Tether, which was founded under the brand name Realcoin in 2014, isn’t decentralized like Bitcoin or many other cryptocurrencies: One company owns, mints, and manages the Tether supply, which means it’s also not transparent. And Tether isn’t scarce; unlike currencies that are “mined,” its production isn’t bound by math and code that titrate the supply. Tether Limited, the company behind the eponymous coin, can mint as many coins as it wants. From there, it can use its own currency — and its relationship with Bitfinex, a cryptocurrency exchange also managed by Tether Limited’s executives — to buy other cryptocurrencies, conduct unregulated trading, and even potentially launder money.

While Tether claims that it mints new coins in response to need — for example, I give Tether $100,000, and it, in return, gives me 100,000 USDT, as Tethers are called — its most pointed critics argue otherwise. High-powered lawyers, jaundiced traders, rogue economists, industry whistleblowers, crypto gadflies, and several U.S. law enforcement agencies claim that Tether is part of an elaborate scam that essentially boils down to using the company’s in-house currency to buy Bitcoin, which has the intended side effect of juicing the price of Bitcoin, and to otherwise manipulate cryptocurrency markets. As a document from one lawsuit warns, “control of an exchange and the opportunity to trade with non-existent money can allow a single individual or entity to dramatically influence crypto commodity prices.”

If you believe New York Attorney General Letitia James’s court filings, there’s a great deal of support for the accusations, and we may soon find out more. Bitfinex and Tether face a January 15 deadline to transfer millions of pages of documents to James’s office. Tether is also facing a major class-action lawsuit accusing it of contributing to “the largest bubble in human history”: In 2017, Tether printed a flurry of its currency in patterns that appeared to be linked to rises in Bitcoin, as an influential scholarly paper later found. The bubble popped, with Bitcoin losing 45 percent of its value across five days in December 2017. Billions of dollars of value disappeared almost overnight, with the decline continuing through 2018.

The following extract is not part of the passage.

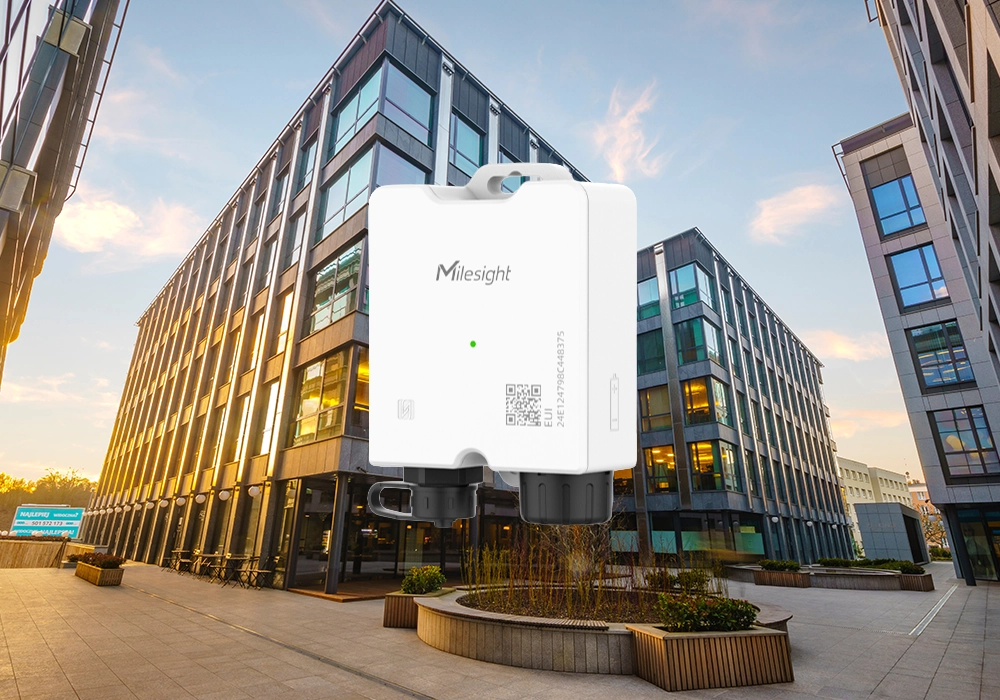 Milesight Cost-Effective Temperature Sensor. The background is a complex of buildings at sunset.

Tether’s importance, and its value to the overall crypto economy, has vastly increased since then, when only a few billion Tethers were in circulation. Now there are more than 24 billion Tethers out there. In the first week of January, Tether printed more than 2 billion USDT. (It’s worth noting that it’s exceedingly hard to redeem USDT from Tether Limited for U.S. dollars; Tether requires a $100,000 minimum per transaction, along with a 0.1 percent fee.)